Word for word, please restate the line containing "Eten - Citrusvruchten" and all the lines that follow it to the end of the data.

PROVIDED DATA:
---
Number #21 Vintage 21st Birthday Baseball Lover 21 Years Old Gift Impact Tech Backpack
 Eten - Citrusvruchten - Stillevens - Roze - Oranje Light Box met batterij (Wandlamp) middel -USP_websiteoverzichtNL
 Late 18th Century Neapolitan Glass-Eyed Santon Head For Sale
---
ANSWER TO THIS TASK:
 Eten - Citrusvruchten - Stillevens - Roze - Oranje Light Box met batterij (Wandlamp) middel -USP_websiteoverzichtNL
 Late 18th Century Neapolitan Glass-Eyed Santon Head For Sale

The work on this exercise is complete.